DATA UNDER STUDY
- Opening Delimiter -
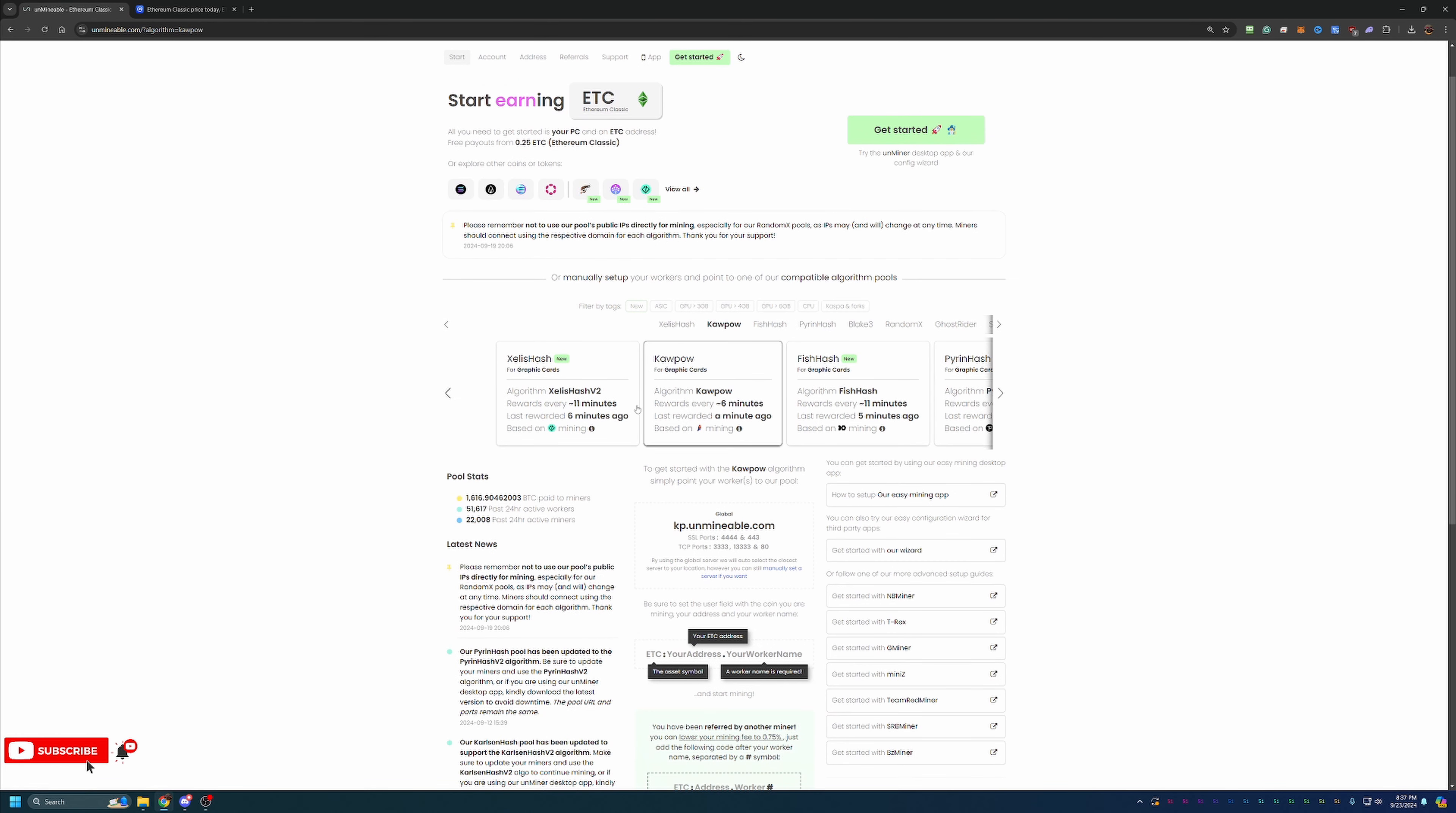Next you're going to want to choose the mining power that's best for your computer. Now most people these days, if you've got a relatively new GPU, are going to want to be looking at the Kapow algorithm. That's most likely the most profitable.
- Closing Delimiter -
- Opening Delimiter -
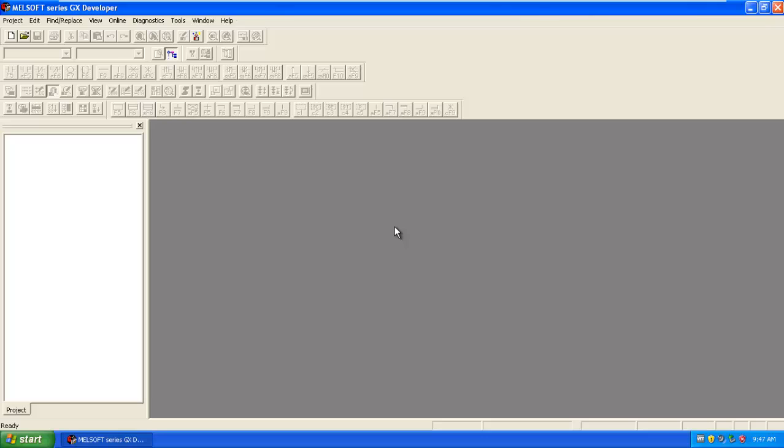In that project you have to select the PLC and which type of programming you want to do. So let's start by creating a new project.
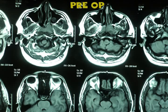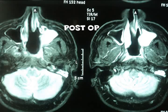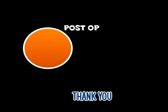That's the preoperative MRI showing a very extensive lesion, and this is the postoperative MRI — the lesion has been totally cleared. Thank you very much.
- Closing Delimiter -
WORK ORDER
What to print is the stretch of entries from the line with "In that project" up to and including the line with "That's the preoperative". Please print it exactly and leave out the pictures.

WORKED SOLUTION
In that project you have to select the PLC and which type of programming you want to do. So let's start by creating a new project.
That's the preoperative MRI showing a very extensive lesion, and this is the postoperative MRI — the lesion has been totally cleared. Thank you very much.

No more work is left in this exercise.